I have tried different tension settings all across the range and no real difference, unless all of my ranges are bad.

Thanks,

DaveW


----------



## lizd (Jun 20, 2009)

DaveW said:


> Hmm...I will check that. I am pretty sure that all the thread in question is pretty new, but I will make sure....
> 
> Thanks!
> 
> DaveW


I have a TMEX c1201 and had quite a time with thread breaks due to tension problems. I solved my problem by buying an upper thread tension gauge (cheap--under $10, I think) and using it every time I rethread. Now I generally only get thread breaks if there is a flaw in the design (usually stitches too short).

Good luck!
Liz


----------



## DaveW (May 24, 2008)

lizd said:


> I have a TMEX c1201 and had quite a time with thread breaks due to tension problems.
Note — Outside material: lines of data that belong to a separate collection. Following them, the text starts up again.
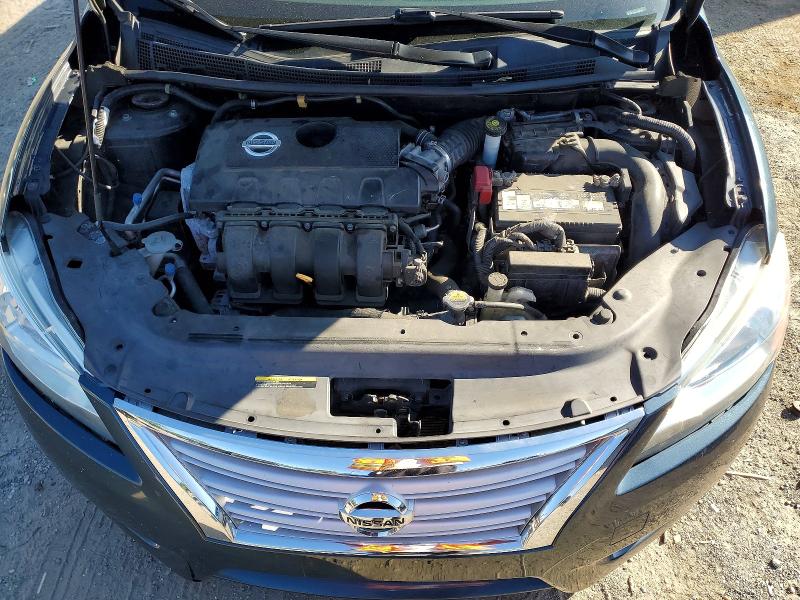 2015 Nissan Sentra მანქანა იყიდება აუქციონზე, vin: 3N1AB7AP5FL666224, აუქციონის ნომერი: 52017176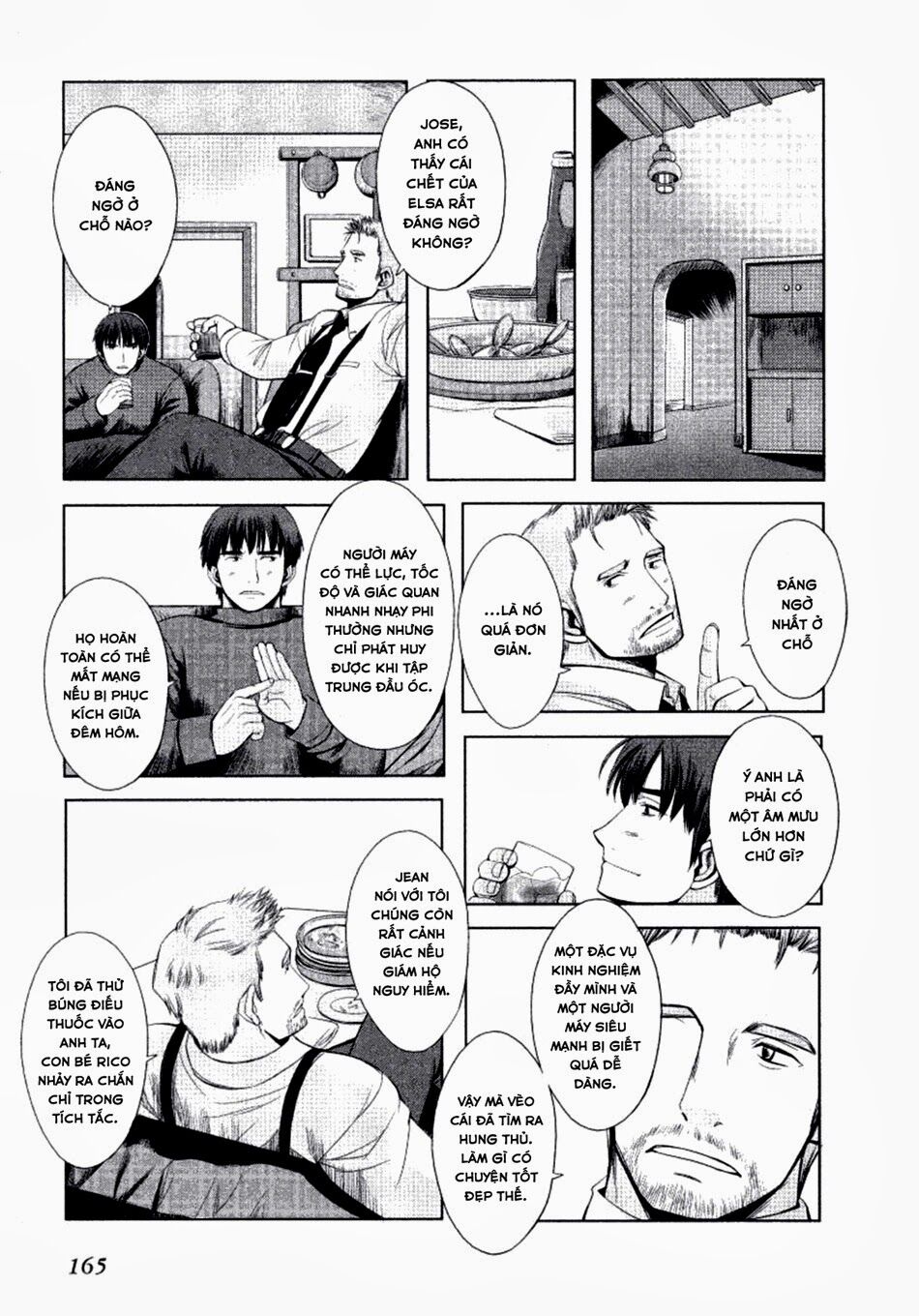 Gunslinger girl: Chapter 5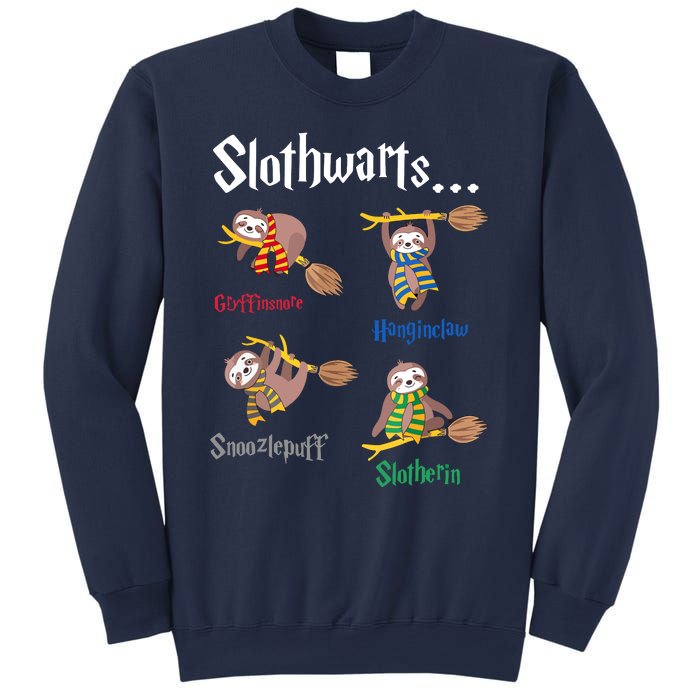 Harry Slothwarts Funny Birthday Gift Sloth Sweatshirt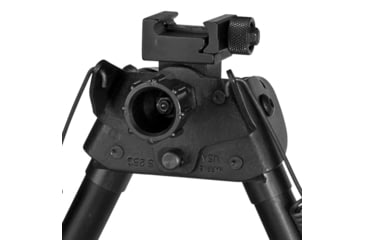 Image of Harris Engineering Picatinny Sporting BiPod with Hinged Base, 13.5-27 in, Black, S-25CP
I solved my problem by buying an upper thread tension gauge (cheap--under $10, I think) and using it every time I rethread. Now I generally only get thread breaks if there is a flaw in the design (usually stitches too short).
> 
> Good luck!
> Liz


I have that gauge. What tension are you using for rayon thread?
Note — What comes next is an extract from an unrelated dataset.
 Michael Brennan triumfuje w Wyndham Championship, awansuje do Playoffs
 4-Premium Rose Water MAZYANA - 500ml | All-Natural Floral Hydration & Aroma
Do you use the guage to set the bobbin tension or do it otherwise?

I wonder if my tensions are overall too loose?

DaveW


----------



## lizd (Jun 20, 2009)

DaveW said:


> I have that gauge. What tension are you using for rayon thread?
> 
> Do you use the guage to set the bobbin tension or do it otherwise?
> 
> ...


I set it between 130 and 140 for all my threads (I use rayon mostly); any looser than that and I get breaks. 
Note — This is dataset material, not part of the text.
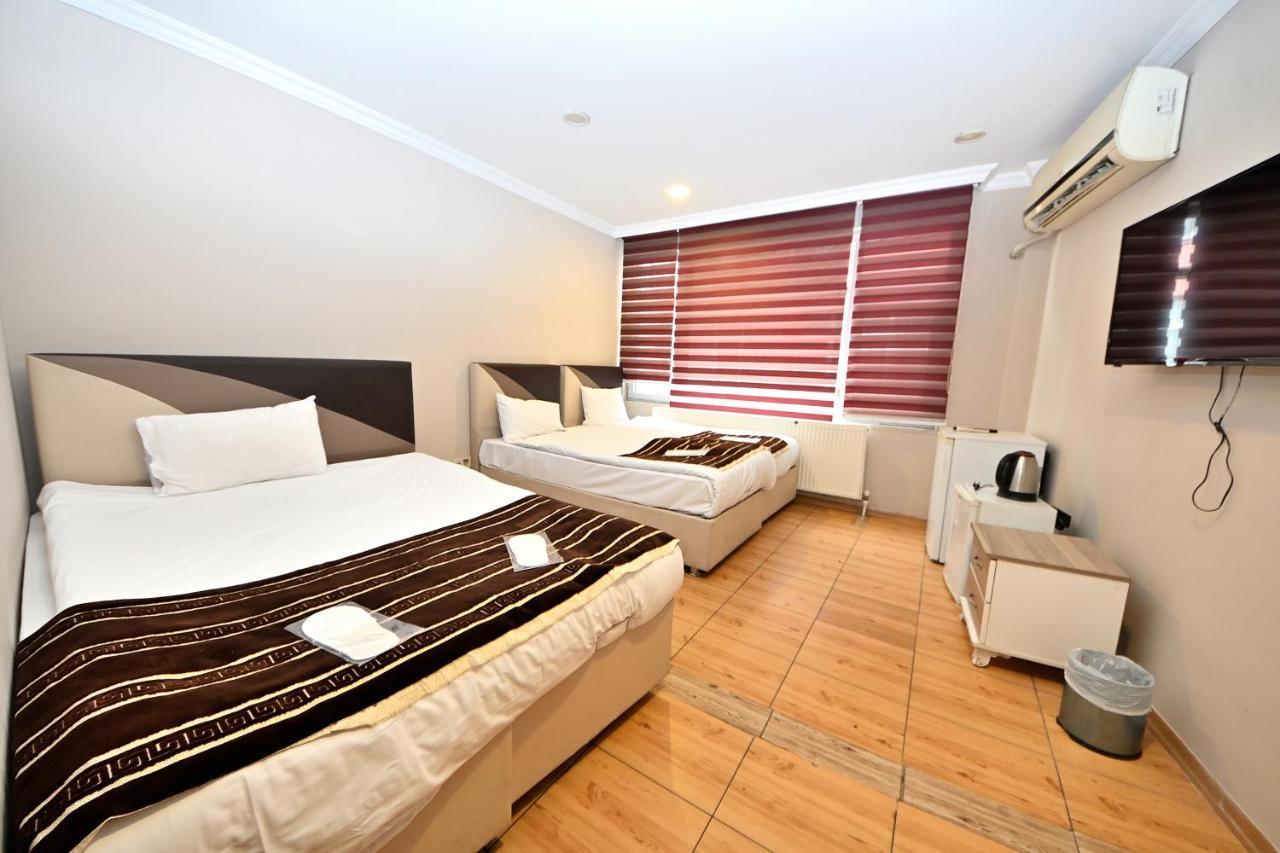 Altinboynuz Family Hotel Istanbul Exterior photo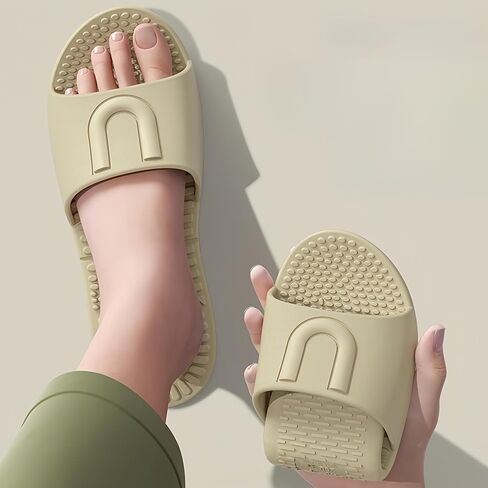 Portable Travel Slippers for Women Men Foldable Packable Non Slip Lightweight Bathroom Hotel Dorm Spa Pool Business Trip Indoor Outdoor Easy Carry Easy Storage Home Use in Saudi Arabia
I don't use it for bobbin thread, for that I use the drop method. There is a special gauge for bobbin thread, but it's expensive--around $80, I think. I did find, though, that the prewound bobbins on the cardboard cores (Coats--forget which ones, exactly) were horrible for my machine--the tension would be great at the start of one then be way too loose after just a few thousand stitches or so. I am now winding my own bobbings (the metal ones that came with the machine) and no longer have that problem.


--Liz


----------



## imeccentric (May 13, 2007)

Dave,
First of all, switch to poly thread. It stretches more and you will have fewer breaks. Second, not all machines like all threads. There are cheap threads and good threads out there. If the thread is breaking in the same place every time, it is the design. What speed are you running at? I usually run my designs at around 1200 spm,which is really quite fast, but on some designs I have to slow it waaaaaaaay down. Magna glide bobbins give a consistent tension from start to finish and most of us use them. One other thing to consider is the hat itself. Some have harder buckrams that tend to grab the trhreads and break them more often.


----------



## LUV DEM TIGERS (Jul 25, 2008)

Also, make sure that your needles are in correctly. If they are rotated too much, the rotary hook will basically shear the thread because the indentation of the needle is not there and the rotary hook is too close to the neede.


----------